I am confused by what I would term a "rates" question.
I am trying to work out the kWh electricity used / person / $ revenue for a business with multiple locations. The problem is that when I work out the kWh/p/$ for two locations the result kWh/p/$ for the business does not seem logical to me. See the simplified example below.

Location A
electricity = 50 kWh
people = 10
revenue = $5
= 1 kWh/person/$

Location B
electricity = 20 kWh
people = 10
revenue = $5
= 0.4 kWh/person/$

Location C
electricity = 30 kWh
people = 10
revenue = $5
= 0.6 kWh/person/$

Total Business
electricity = 100 kWh
people = 30
revenue = $15
= 0.2 kWh/person/$

I would expect the rate for the total business would be somewhere between the highest and lowest location.

Is the problem that all three parameters are inconsistent, compared to when you do a similar calculation for litres/person/day for a water system and the number of days is not a sum but a consistent amount?

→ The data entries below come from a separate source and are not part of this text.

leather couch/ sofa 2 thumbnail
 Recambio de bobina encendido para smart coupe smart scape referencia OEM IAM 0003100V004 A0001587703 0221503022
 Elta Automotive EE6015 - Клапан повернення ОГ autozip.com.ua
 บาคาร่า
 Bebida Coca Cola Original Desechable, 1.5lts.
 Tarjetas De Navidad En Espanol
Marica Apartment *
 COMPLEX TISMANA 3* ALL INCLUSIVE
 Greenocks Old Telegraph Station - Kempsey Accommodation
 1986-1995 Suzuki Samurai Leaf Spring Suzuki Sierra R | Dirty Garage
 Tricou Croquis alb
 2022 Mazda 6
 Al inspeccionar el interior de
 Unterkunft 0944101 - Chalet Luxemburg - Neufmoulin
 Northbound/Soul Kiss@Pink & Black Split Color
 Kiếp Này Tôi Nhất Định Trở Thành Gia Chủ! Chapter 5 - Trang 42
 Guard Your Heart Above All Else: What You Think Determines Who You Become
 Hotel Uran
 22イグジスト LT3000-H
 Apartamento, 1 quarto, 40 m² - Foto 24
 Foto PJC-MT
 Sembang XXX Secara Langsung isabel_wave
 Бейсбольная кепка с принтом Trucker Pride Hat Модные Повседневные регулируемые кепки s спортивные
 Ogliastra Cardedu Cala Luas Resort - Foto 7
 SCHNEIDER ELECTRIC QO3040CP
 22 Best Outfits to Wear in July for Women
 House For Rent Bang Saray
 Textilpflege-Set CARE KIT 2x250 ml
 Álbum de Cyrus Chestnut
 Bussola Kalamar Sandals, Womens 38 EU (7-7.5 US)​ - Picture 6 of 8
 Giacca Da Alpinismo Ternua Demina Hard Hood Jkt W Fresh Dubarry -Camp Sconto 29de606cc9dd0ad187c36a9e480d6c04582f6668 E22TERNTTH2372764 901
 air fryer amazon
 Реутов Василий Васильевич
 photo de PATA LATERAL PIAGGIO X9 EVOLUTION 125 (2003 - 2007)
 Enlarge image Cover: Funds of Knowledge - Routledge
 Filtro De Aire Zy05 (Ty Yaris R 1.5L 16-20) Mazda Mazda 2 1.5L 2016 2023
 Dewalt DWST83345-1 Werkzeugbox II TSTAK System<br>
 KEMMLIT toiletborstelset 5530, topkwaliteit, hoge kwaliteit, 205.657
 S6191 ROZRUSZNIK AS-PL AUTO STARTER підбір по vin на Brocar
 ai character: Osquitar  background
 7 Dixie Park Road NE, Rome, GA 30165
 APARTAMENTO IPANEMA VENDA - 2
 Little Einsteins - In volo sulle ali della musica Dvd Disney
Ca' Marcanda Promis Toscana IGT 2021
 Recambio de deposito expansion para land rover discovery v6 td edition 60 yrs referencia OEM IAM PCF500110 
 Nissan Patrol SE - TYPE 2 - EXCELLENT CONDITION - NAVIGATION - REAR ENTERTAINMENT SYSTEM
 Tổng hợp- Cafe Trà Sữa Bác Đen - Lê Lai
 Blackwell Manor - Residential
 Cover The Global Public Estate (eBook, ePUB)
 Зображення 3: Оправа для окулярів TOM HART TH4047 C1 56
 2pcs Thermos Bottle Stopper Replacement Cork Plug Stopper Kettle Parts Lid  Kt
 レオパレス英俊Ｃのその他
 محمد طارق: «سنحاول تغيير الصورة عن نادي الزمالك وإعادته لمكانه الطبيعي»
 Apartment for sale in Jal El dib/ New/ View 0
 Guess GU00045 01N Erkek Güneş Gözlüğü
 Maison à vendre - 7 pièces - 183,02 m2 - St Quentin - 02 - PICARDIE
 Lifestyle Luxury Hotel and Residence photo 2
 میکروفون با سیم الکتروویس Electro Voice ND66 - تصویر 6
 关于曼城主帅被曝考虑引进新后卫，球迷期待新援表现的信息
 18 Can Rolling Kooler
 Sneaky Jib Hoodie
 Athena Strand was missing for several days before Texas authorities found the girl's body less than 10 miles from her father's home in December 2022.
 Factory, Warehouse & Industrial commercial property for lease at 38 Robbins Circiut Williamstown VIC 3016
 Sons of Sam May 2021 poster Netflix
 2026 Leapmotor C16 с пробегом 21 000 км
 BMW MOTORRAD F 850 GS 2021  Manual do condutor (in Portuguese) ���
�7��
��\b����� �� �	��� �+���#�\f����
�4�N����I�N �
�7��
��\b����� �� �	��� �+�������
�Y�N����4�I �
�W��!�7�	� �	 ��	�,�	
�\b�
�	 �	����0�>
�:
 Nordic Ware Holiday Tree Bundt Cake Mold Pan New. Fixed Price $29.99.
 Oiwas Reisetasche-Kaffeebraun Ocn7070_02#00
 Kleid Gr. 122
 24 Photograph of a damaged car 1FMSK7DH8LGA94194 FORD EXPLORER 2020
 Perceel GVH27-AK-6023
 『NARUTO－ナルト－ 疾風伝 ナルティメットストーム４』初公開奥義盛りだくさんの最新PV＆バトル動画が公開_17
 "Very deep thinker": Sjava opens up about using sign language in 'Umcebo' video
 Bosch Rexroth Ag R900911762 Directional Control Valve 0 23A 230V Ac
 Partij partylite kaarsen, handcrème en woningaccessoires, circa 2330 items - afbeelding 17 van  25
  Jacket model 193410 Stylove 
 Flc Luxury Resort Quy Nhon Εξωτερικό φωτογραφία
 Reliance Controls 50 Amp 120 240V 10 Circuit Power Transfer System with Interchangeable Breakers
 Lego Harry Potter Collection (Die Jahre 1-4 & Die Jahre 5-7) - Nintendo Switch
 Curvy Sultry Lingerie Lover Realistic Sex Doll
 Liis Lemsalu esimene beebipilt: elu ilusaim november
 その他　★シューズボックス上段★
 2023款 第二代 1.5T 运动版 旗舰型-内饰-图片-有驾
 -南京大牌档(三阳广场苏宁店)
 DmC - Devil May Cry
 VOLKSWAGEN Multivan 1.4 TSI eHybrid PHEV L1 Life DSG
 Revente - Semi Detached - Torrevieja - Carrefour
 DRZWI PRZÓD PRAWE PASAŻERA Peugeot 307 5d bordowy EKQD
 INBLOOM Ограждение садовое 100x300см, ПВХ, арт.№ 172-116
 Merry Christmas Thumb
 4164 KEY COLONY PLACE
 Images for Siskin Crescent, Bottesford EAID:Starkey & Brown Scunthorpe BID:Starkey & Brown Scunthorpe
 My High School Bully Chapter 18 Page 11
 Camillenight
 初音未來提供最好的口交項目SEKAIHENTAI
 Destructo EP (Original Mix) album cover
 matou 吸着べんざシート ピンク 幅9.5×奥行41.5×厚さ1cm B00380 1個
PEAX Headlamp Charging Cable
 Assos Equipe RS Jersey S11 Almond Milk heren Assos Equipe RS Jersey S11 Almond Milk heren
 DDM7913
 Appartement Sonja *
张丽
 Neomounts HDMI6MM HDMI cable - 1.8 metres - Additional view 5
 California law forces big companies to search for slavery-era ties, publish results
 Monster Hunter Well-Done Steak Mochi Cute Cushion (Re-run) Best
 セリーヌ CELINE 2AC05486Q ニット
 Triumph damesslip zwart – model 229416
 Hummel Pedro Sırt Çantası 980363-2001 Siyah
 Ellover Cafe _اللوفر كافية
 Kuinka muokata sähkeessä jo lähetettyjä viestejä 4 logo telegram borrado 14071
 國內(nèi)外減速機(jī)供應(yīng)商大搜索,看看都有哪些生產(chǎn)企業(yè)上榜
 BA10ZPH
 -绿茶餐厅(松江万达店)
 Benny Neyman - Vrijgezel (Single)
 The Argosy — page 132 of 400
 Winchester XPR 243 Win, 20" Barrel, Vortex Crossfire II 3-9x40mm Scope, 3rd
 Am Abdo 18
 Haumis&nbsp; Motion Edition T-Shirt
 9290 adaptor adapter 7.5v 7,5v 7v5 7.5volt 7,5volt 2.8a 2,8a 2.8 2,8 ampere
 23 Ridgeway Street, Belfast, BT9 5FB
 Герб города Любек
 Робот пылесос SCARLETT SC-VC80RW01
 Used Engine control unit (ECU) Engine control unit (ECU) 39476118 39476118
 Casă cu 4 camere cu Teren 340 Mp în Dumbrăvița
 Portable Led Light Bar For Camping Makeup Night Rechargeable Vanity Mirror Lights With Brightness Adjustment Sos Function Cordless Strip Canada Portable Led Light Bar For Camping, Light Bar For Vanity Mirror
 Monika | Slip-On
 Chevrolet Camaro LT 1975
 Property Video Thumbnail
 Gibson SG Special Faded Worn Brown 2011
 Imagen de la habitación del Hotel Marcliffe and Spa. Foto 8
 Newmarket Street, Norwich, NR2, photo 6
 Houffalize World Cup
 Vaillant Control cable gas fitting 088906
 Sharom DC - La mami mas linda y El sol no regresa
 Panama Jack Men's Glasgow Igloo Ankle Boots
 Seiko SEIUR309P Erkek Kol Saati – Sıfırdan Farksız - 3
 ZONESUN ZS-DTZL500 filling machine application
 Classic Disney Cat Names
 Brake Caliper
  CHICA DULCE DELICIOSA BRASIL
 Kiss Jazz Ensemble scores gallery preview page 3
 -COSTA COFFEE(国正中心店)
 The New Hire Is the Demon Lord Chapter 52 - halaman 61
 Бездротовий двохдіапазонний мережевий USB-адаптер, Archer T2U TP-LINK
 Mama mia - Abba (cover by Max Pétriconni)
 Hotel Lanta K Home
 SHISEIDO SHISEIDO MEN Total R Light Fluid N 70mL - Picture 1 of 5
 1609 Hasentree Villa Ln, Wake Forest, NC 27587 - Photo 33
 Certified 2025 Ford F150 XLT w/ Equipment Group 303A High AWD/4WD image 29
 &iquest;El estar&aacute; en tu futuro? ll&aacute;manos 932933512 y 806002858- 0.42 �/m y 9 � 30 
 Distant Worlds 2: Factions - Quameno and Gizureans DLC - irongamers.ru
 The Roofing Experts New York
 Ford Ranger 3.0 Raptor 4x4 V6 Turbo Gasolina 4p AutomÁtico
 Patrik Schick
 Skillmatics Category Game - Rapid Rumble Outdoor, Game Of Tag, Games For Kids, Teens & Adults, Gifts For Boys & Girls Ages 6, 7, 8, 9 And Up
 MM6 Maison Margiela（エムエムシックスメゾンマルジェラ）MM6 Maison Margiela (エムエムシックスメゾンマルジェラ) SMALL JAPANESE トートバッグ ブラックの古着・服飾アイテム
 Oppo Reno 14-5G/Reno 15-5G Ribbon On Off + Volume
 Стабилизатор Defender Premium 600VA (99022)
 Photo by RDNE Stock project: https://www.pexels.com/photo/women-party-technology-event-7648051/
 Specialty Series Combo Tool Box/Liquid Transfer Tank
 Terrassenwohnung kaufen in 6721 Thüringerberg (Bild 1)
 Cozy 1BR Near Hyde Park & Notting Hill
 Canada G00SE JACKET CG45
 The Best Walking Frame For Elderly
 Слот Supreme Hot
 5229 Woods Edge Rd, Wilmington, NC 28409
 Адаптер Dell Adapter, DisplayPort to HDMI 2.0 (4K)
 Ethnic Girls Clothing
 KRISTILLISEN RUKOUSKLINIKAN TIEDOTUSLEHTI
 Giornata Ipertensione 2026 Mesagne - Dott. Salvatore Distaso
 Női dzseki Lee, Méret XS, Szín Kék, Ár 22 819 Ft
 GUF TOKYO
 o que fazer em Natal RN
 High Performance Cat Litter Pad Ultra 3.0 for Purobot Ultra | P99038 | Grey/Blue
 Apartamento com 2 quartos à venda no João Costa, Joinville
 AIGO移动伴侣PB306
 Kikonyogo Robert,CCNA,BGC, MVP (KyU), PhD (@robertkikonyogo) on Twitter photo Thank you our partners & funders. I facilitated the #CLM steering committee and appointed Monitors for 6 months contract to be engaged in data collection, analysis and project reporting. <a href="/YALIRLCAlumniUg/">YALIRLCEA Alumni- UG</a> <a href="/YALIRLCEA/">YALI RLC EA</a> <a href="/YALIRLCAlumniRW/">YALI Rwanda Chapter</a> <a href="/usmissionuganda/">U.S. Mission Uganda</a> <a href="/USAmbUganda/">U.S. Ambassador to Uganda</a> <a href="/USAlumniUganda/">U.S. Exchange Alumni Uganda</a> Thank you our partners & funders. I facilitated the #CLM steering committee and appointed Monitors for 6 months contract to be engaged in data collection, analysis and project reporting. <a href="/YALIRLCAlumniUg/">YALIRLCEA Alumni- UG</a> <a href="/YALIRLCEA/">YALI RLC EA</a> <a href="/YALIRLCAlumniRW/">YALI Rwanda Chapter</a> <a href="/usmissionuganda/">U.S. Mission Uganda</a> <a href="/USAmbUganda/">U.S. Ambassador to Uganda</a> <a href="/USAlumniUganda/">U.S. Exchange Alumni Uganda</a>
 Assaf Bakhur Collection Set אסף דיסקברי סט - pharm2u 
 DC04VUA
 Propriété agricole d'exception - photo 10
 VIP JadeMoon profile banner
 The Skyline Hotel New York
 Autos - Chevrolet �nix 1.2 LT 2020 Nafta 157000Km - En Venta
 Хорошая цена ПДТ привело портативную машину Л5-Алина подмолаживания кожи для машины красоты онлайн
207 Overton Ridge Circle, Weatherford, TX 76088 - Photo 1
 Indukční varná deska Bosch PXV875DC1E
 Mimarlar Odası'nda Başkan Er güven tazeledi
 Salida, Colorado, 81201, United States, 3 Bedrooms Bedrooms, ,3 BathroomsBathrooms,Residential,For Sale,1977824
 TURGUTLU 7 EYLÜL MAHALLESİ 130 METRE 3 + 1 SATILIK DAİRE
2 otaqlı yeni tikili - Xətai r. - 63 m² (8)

In which case do I need to keep one of the parameters I use consistent, if so which one and how? Or add another (which seems to me even more confusing)? Or am I wrong in thinking the overall rate for the total business should fall within the range of the locations?

Thank you for your help.

Answer
Hi Erin,

Generally speaking, the average of individual sample ratios is not the same as the ensemble average obtained from aggregates (more explanation to follow). However, in the special case where the value of "people" and "revenue" at each location are identical, the average calculations simplify significantly. It turns out that your intuition (that the rate for the total business being bounded by the highest and lowest figures at individual locations) is a correct one, provided some adjustment is made to account for the "double division" used to compute the ratio. In brief, I think the individual figures (for location 1, 2 and 3) need to be further divided by 3 to make sense; if we are to compare them with the rate obtained for total business.

The following elaborates on the comments above. The sketch is not very polished, as I do not have time to enter all the numbers to make everything as clear as it can be.

Let "f", "e", "p" and "r" be the efficiency measure, energy use, people count and revenue, respectively. Also, let f(n)=e(n)/p(n)/r(n) for location n=1,2,3. For example, f(2)=20/10/5.

The average of individual ratios F/3 = [f(1)+f(2)+f(3)]/3
is GENERALLY NOT EQUAL TO the ensemble average E/P/R,
where aggregates E=e(1)+e(2)+e(3), P=p(1)+p(2)+p(3), R=r(1)+r(2)+r(3).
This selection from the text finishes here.